The WD phenotype, age of onset of symptoms/age of detection of WD, baseline serum ceruloplasmin and baseline urinary copper levels were similar among members of a family, except for some differences in family 3 (Table 1). In family 3, there were marked differences in the age of onset of symptoms/age of detection of WD and baseline serum ceruloplasmin levels (difference of 50 U/L) between the father and son. In addition, renal tubular acidosis was present only in the father.
The present study, examined the genotype phenotype correlation in WD occurring within members of each family, whereas previous studies examined the question with respect to a single common mutation in a given population. While the previous studies gave answers related to that particular mutation, we investigated the impact of four different mutations in members of four unrelated families with more than one member affected with WD. Although the number of subjects studied was small, our report highlights some aspects of interest in genotype phenotype correlation in WD. In the present report, the affected members of each family shared identical mutations of ATP7B gene within each family (homozygous mutations in three families and compound heterozygous mutation in one family). We found strong genotype phenotype concordance in members of each family. The two minor differences in phenotype within members of a family were the following: in the first family, one sibling had monoarticular arthritis; a known association with WD, which was not present in the other two siblings, while in family number 3, the father had renal tubular acidosis and metabolic bone disease where as the son did not have these abnormalities.

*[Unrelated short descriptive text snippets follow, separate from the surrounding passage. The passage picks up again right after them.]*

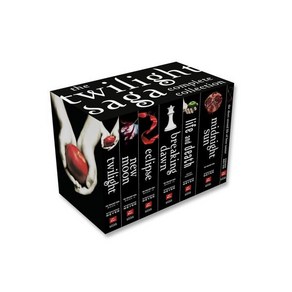 The Twilight Saga Complete 7 Books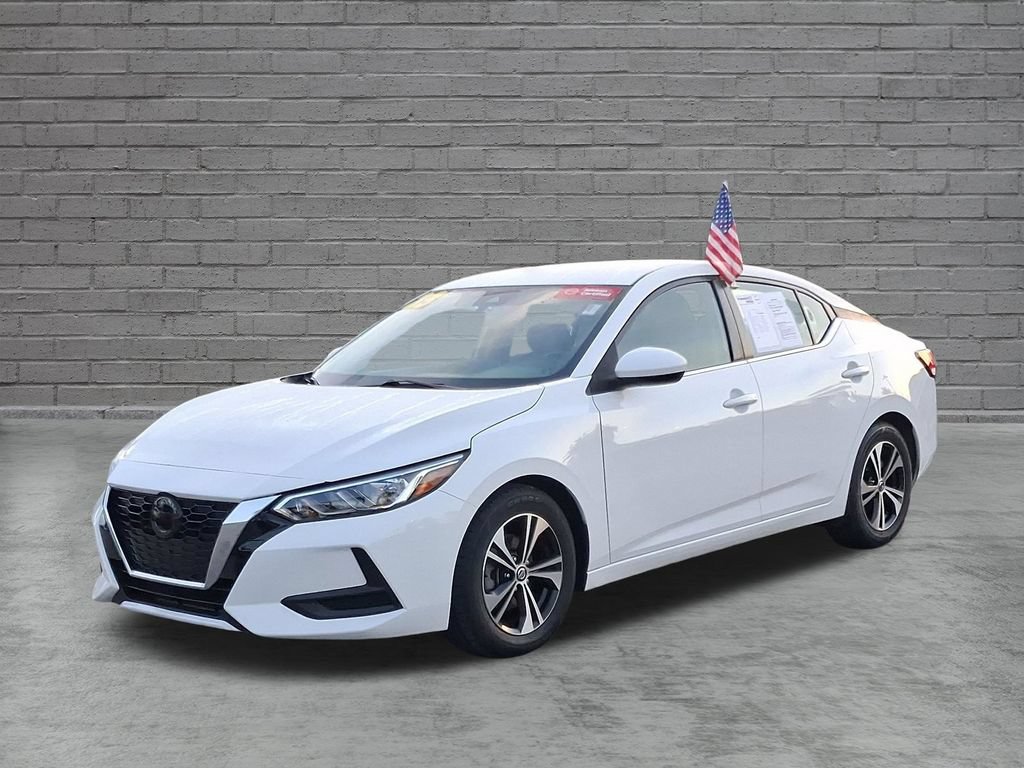 Used 2023 Nissan Sentra SV w/ All-Weather Package FWD image 3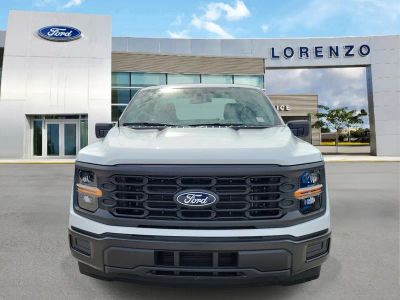 2026 Ford F-150 — side profile view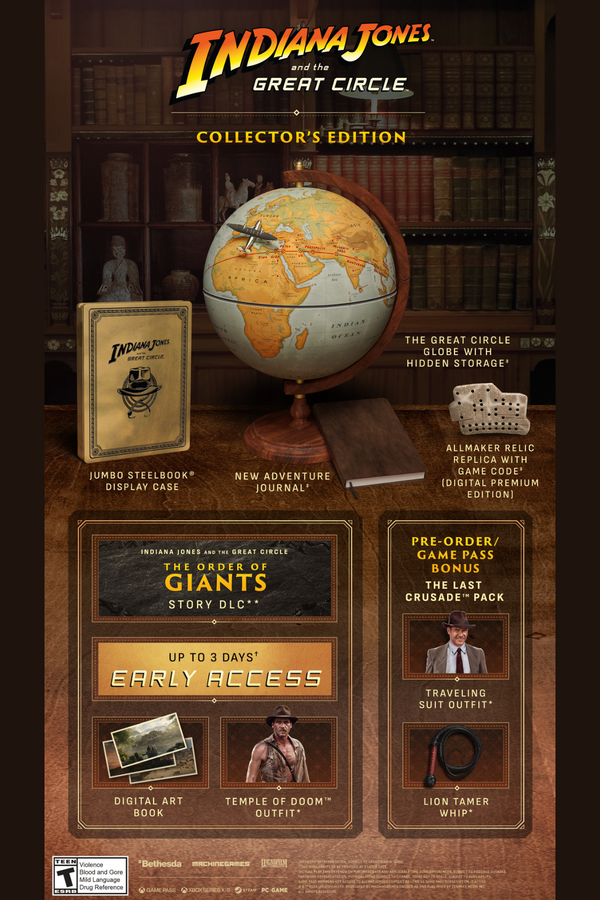 Indiana Jones and the Great Circle – Collector's Edition – Xbox Series X|S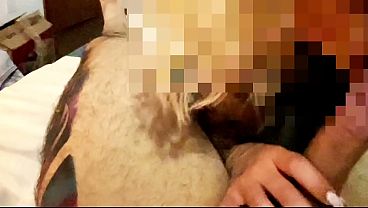 Real Couple In Reverse Cowgirl Anal Finger Banging
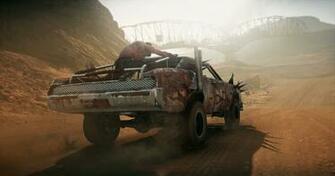 Mad Max Game Wallpaper HD Desktop Background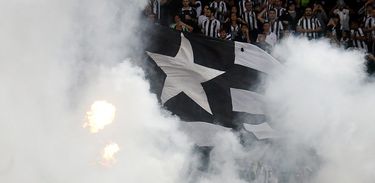 Torcida do Botafogo no Engenhão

The three additional phenotypic indices studied (age of onset of symptoms or age at detection of asymptomatic disease, baseline serum ceruloplasmin and baseline urine copper levels) were similar in members of each family, except for family 3 (Table 1). While the father in family 3 became symptomatic with disabling metabolic bone disease and liver involvement only at the age of 45, WD was detected at an early asymptomatic stage by screening in the son at the age of 16. It is possible that some of the differences in phenotype between father and son in this family could be due to longstanding untreated copper overload state in the father. Defining disease onset accurately in WD is difficult and this could be a confounding factor in genotype phenotype correlation in WD[11].
In summary, we found genotype phenotype concordance in four families with different types of ATP7B mutations in each family: homozygous exonic mutation in two families, homozygous intronic mutation (Family 3) and compound heterozygous mutation (Family 4). It is of interest that such a concordance of genotype and phenotype was seen in different phenotypic manifestations, including neurological involvement in childhood in family 2, an uncommon presentation of WD.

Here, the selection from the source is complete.